O elefante na sala tem tromba de nabo

Analisei a fundo a disputa no PS e conclui que há uma razão para que António Costa seja o favorito: António José Seguro tem cara de nabo.

Agora que enxotei o elefante para fora da sala (mas não sem antes apontar a parecença entre a sua tromba e certa raiz tuberosa), podemos prosseguir.

Nunca achei piada à criança que diz: “O Rei vai nu!” Ensino a minha filha a ser a criança que está calada mas pensa: “O Rei ainda se vai constipar”. Mas este silêncio ostensivo tem limites.

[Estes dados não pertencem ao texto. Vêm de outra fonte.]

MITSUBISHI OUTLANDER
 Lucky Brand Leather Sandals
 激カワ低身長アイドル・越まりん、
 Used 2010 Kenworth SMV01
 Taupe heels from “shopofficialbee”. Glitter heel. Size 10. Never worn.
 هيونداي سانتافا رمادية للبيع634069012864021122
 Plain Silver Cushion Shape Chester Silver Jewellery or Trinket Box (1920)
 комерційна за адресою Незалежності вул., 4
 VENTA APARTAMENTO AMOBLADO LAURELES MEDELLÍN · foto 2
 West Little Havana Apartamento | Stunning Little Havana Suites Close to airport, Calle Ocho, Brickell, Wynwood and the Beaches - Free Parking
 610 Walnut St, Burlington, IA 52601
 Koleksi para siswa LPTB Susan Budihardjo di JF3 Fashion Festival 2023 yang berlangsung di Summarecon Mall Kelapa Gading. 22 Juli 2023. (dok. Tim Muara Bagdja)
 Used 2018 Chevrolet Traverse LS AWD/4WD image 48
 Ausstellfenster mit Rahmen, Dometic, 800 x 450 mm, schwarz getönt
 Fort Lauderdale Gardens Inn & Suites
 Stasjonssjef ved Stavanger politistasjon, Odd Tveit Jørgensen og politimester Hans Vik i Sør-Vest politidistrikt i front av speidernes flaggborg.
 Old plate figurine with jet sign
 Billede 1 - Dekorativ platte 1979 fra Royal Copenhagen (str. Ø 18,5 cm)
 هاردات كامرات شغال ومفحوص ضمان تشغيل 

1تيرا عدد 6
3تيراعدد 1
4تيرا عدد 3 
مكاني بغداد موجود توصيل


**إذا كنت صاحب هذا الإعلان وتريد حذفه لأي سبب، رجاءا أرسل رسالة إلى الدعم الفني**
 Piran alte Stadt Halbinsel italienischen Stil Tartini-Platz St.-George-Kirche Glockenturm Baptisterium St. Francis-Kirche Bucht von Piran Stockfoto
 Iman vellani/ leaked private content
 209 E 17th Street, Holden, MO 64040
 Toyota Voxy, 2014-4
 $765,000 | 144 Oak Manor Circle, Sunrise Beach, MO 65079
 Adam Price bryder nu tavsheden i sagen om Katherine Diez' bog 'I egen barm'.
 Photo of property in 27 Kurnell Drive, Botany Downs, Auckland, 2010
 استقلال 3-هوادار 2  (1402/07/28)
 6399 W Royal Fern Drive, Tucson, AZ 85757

Seguro está a ser vítima de caradenabofobia, o preconceito que sugere que quem tem cara de nabo é, efectivamente, um nabo.

Os caradenabófobos dizem que AJS tem “pouco peso político”. Ou que “não tem nervo”, nem “carisma”. Tudo eufemismos para não assumirem o que pensam, cara a cara de nabo. Traiçoeiros, discriminam pelas costas. Por mais que negue, o português é um caradenabófobo encapotado. Basta perguntar se aceitaria casar a filha com um cara de nabo. A culpa é da Constituição. No artigo 13 diz que “Ninguém pode ser (...) prejudicado (…) em razão de ascendência, sexo, raça, língua, território de origem, religião, convicções políticas ou ideológicas, instrução, situação económica, condição social ou orientação sexual”. Exacto: onde está o “em razão de ter cara de nabo”?

Sei do que falo. Sim, também tenho cara de nabo. Não é grande confissão, a fotografia já é eloquente: o sorrisinho tanso com os cantos da boca descaídos, o estrabismo abécula, enfim, tudo. Sempre tive este ar aselha. Ainda me lembro de todas as vezes que fui o último a ser escolhido num jogo de futebol. Foram 7. Das outras centenas de vezes nem cheguei a ser escolhido. Não admitiam que era pela minha cara de nabo, diziam que era por não haver lugar. (Durante anos estranhei que, na televisão, as equipas jogassem com o mesmo número de jogadores). Se soubesse, teria dito: “Ei, não me julguem pela cara de nabo! Deixem-me provar que não sou nabo, apenas medíocre!”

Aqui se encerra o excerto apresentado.